しかし、両社の提携は、EVはもちろん、自動運転技術などこれから求められる幅広い分野においてできるだけ多くの英知を結集させることが不可欠だろう。
トヨタとマツダ、デンソーが共同技術開発へ
そんな中、9月29日、トヨタとマツダ、そしてデンソーによる「電気自動車の基本構想に関する共同技術開発に向けた契約を締結」、そして共同技術開発を効率的に進めるために新会社を設立すると発表された。
じつはトヨタは、デンソーを筆頭にしたサプライヤーと呼ばれる同グループ系を結集させて、すでにEV開発をスタートさせている。

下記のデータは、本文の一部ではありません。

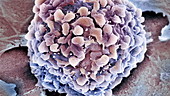 Rectal cancer cell, SEM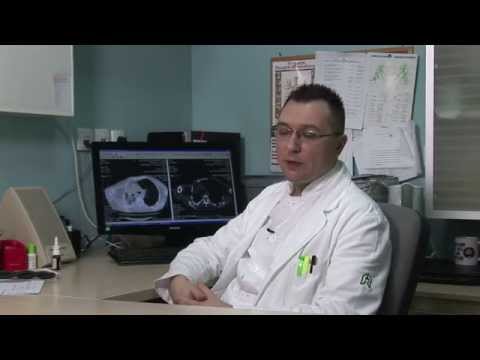 Simptomi i rano otkrivanje karcinoma pluća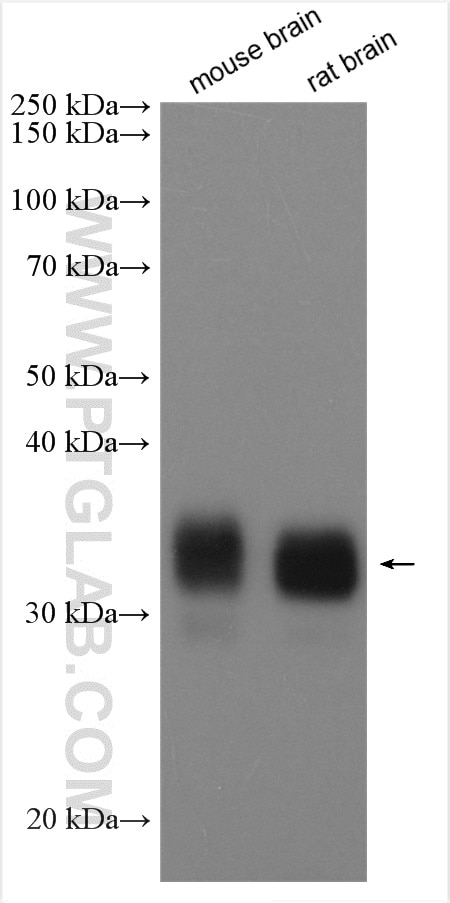 Western Blot (WB) analysis of various lysates using GPM6A Polyclonal antibody (15044-1-AP)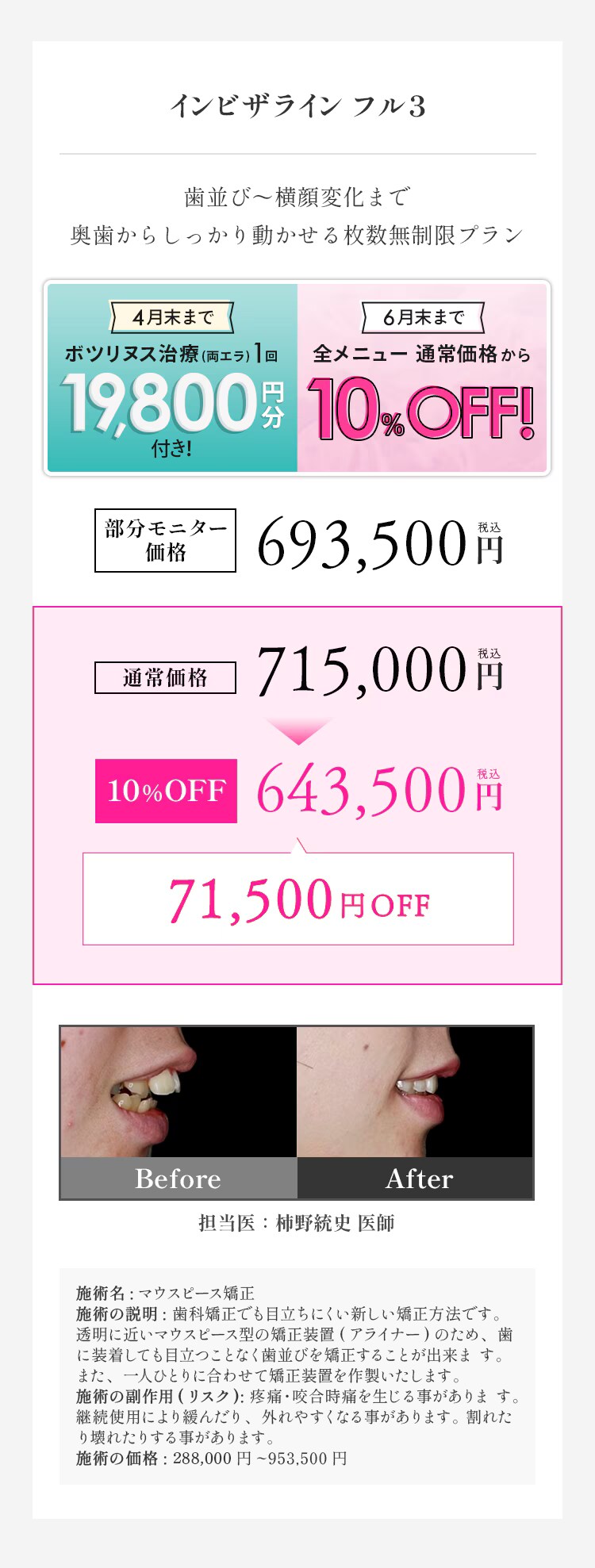 インビザラインフル3 料金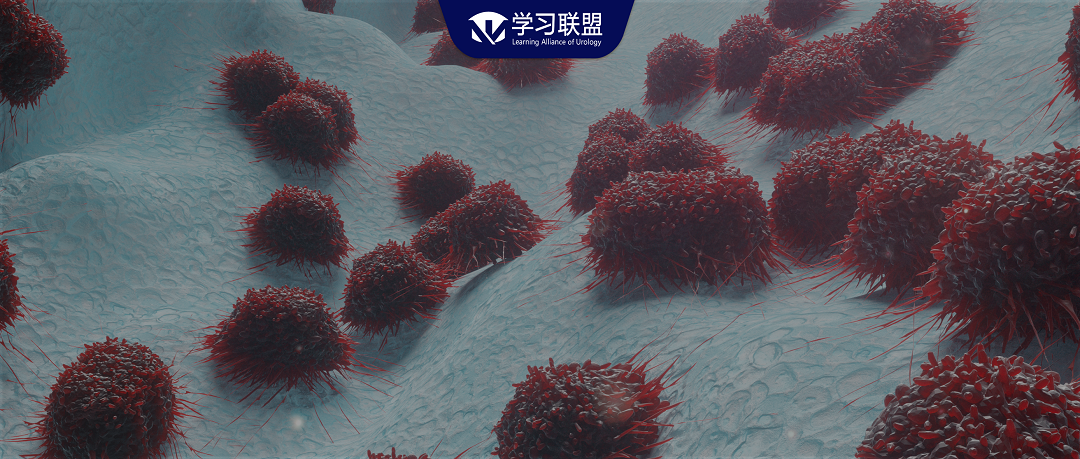 射精后血尿！一种极易误诊的疾病：后尿道海绵状血管瘤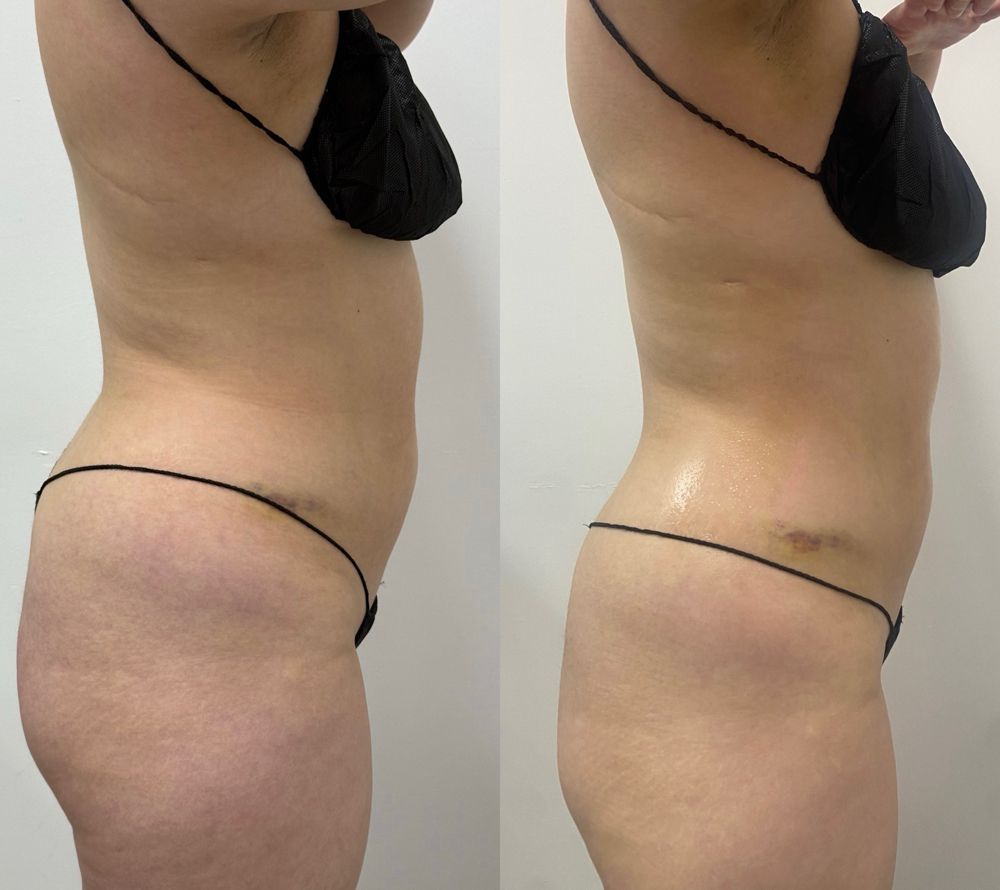 Snatch & Sculpt In-Home Treatment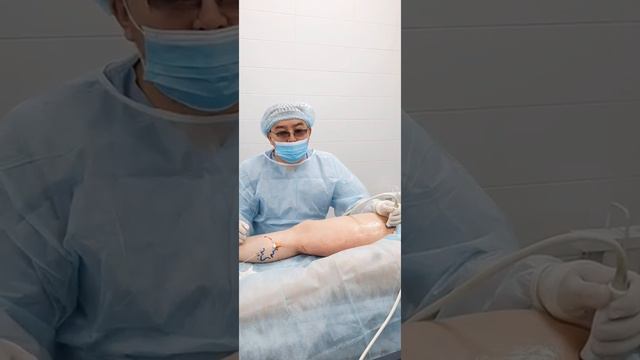 Процедура ЭВЛК, комбинированная с мини-флебэктомией и склеротерапией (Нина) смотреть онлайн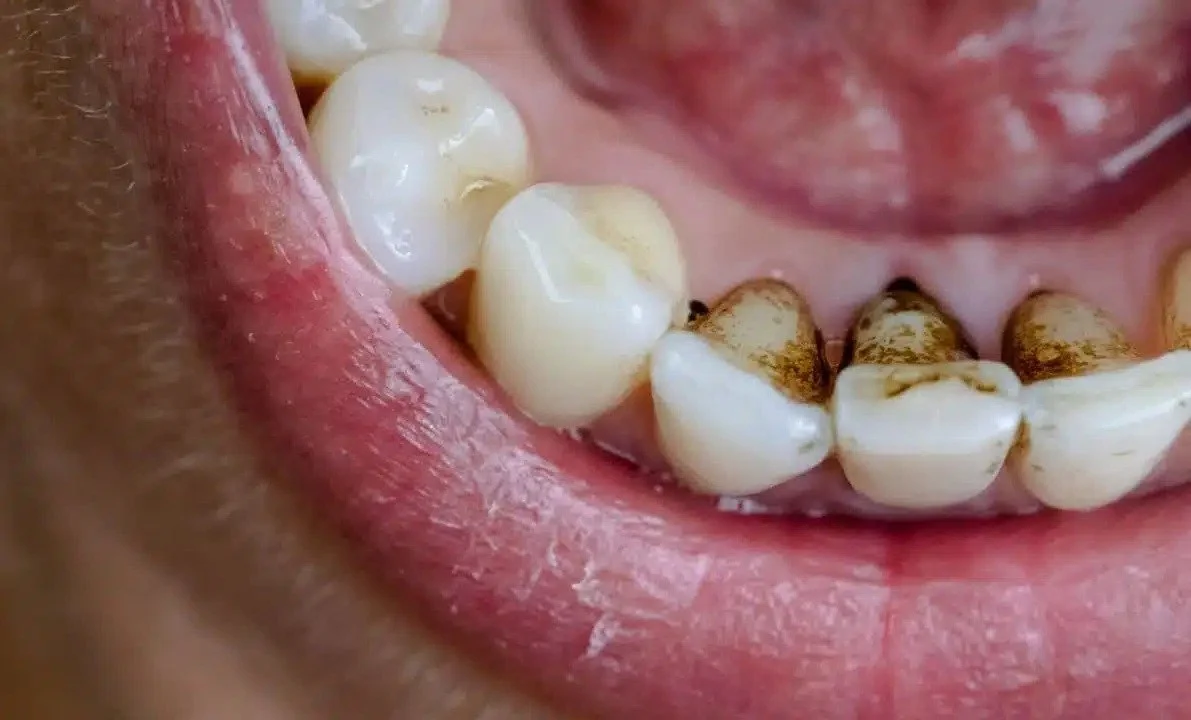 How To Get Rid Of Brown Stains On The Back Teeth?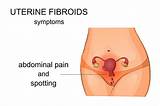 Can Fibroids Cause Pain In Your Side Images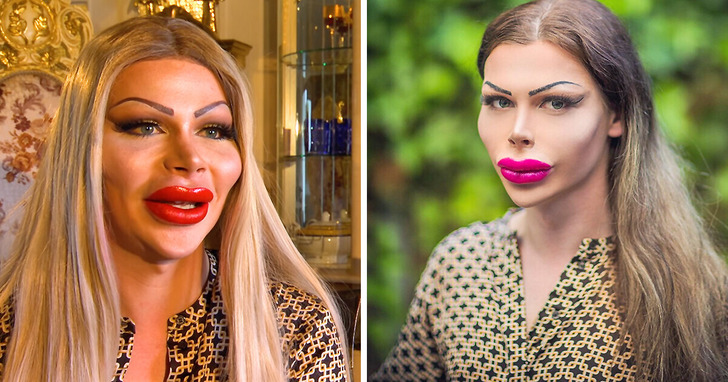 Wydałem 58 tysięcy funtów na operacje plastyczne i w najbliższym czasie nie zamierzam przestać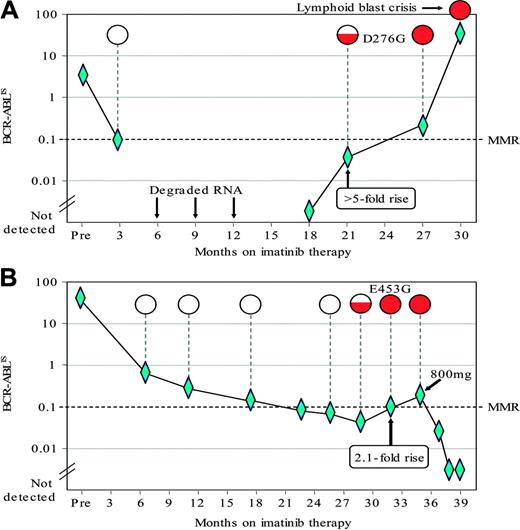 Figure 4. The detection of KD mutations associated with a rise in the BCR-ABL level. The graphs plot the BCR-ABL levels as measured by RQ-PCR76 in 2 late-chronic-phase patients treated in Australia who achieved a CCyR on imatinib 400 mg/daily. The BCR-ABL levels were calculated according to the proposed international scale (IS). The mutation analysis was performed using a direct sequencing technique.77 The mutation results are depicted as open circles when wild-type BCR-ABL was detected; the amount of shading within the circles indicates the relative size of the mutant sub-clone. Diamonds indicate datapoints. (A) After 18 months on imatinib, the patient had undetectable BCR-ABL that was followed by a rise of at least 5-fold. At that time the D276G mutation was detected. The patient remained on 400 mg imatinib and a CCyR was maintained at 27 months. Thereafter the patient progressed rapidly to lymphoid blast crisis. (B) This patient had a rise of 2.1-fold and the E453G mutation was detected prior to the rise. On the basis of the rising BCR-ABL level and the detection of the mutation the dose of imatinib was increased from 400 to 800 mg per day. The BCR-ABL level subsequently decreased and the CCyR was maintained.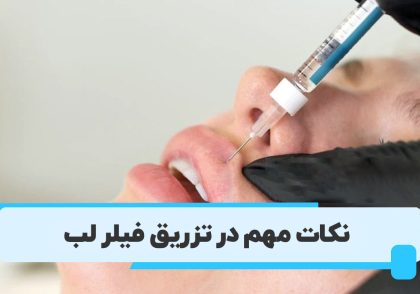 نکات مهم تزریق ژل لب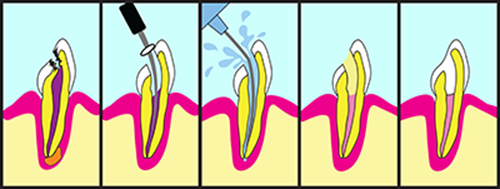 Root Therapy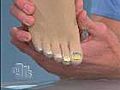 What Feet Say About Your Health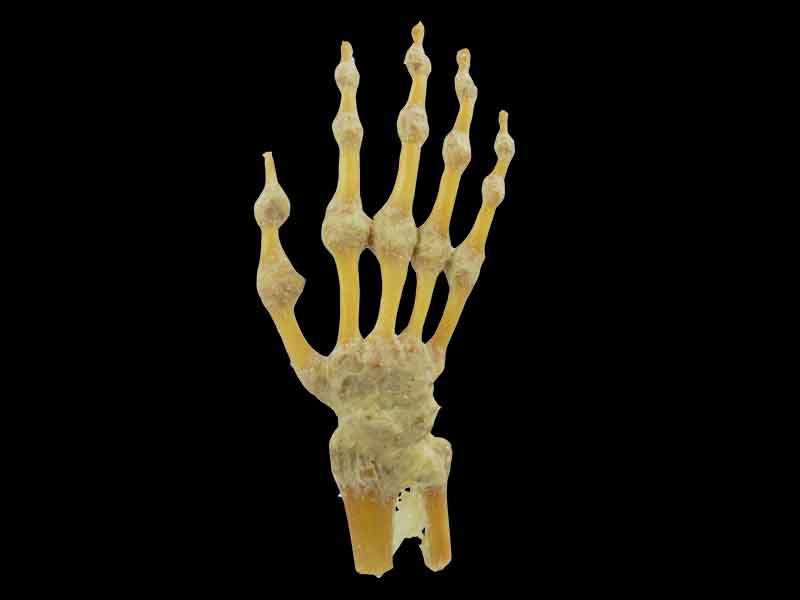 plastinated hand joint specimen
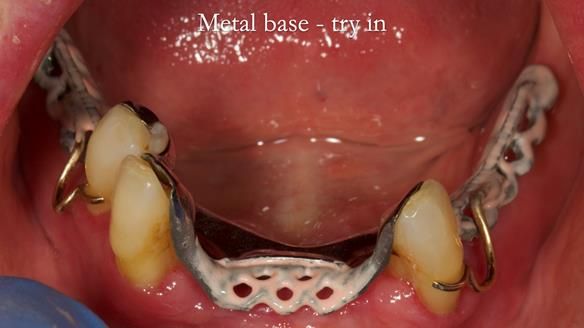Finlay's Case Study Newsletter 40 - Immediate Mk 1 RPD to Definitive Mk 2 RPD - full protocol
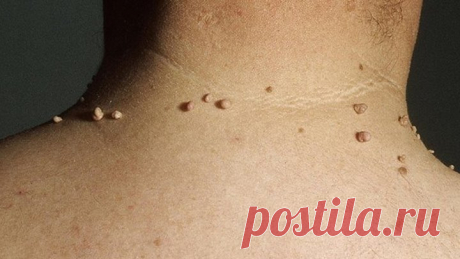 Как избавится от папилом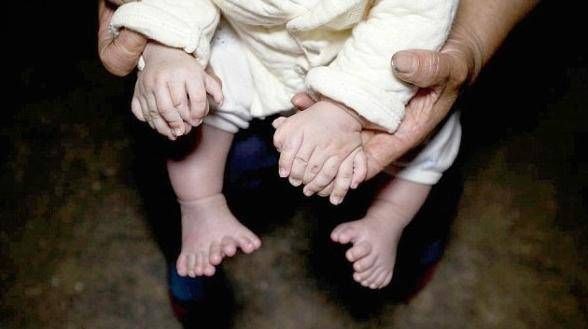 宝妈|婴儿出生时有30多个手指医生看到了宝妈的手,明白了原因
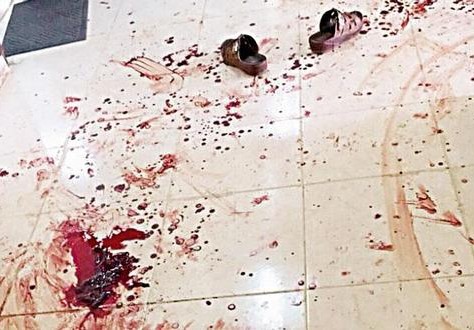 رفضت منحه الموافقة للزواج من أخرى ففجر رأسها بحجر ضخم 1 DSQ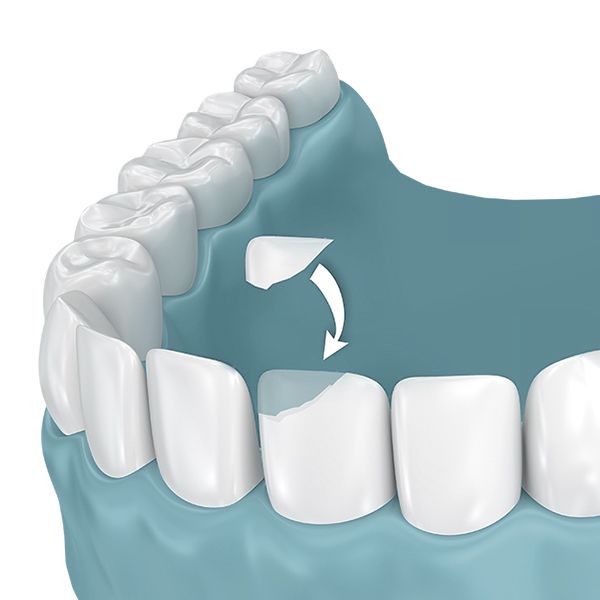 An illustration of dental bonding material being used to restore a chipped tooth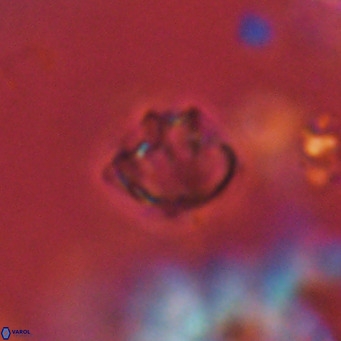 Discoaster puvillandii VR 18163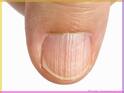 White marks on Nails: नखांवर पांढरे डाग दिसत आहेत? जाणून घ्या त्यामागील कारणं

そこにマツダが加わり、上記3社を中心にEV開発を加速させるのが狙いだ。
実際に3社は、「EVの販売台数はまだ多いとはいえないが、求められるクルマは地域やニーズにより多種多様であり、各社が単独ですべての市場やセグメントをカバーするには膨大な工数、費用、時間が必要になるという課題がある」と今回の共同技術開発についてコメントしている。
どんなEVが開発されるのか?
では、どんなEVが開発されるのだろうか。3社は幅広いセグメント、そして車種をカバーできるEVの基本構想に関する技術を共同で開発することに合意している。
つまり、軽自動車から乗用車、SUV、小型トラックまでの幅広い車種群をカバーし、トヨタの「TNGA」、マツダが得意とする「一括企画」や「モデルベース開発」、デンソーの「エレクトロニクス技術」などの各社の強みを活かすそうだ。
他のメーカーなども参画可能なオープンな体制を目指す理由
今回の3社の共同技術開発(新会社設立)で注目なのが、今後は他の自動車メーカーやサプライヤーも参画可能なオープンな体制を目指すとしている点。
とくにトヨタは、エコカーでいえば、ハイブリッドで世界をリードしてきたが、技術を囲い込みすぎて、世界中の自動車市場全体でハイブリッドが主役にはなれなかった。
さらに、FCV(燃料電池車)では一部技術を公開するとしているが、FCVは水素ステーションの整備が目標どおりには進まず車両価格も高額のまま。トヨタを中心に、走りが得意なマツダ、エレクトロニクス技術に秀でるデンソーのほか、他メーカーとタッグを組んでどこまで開発を進められるか。仲間作りの行方も含めて注目が集まりそうだ。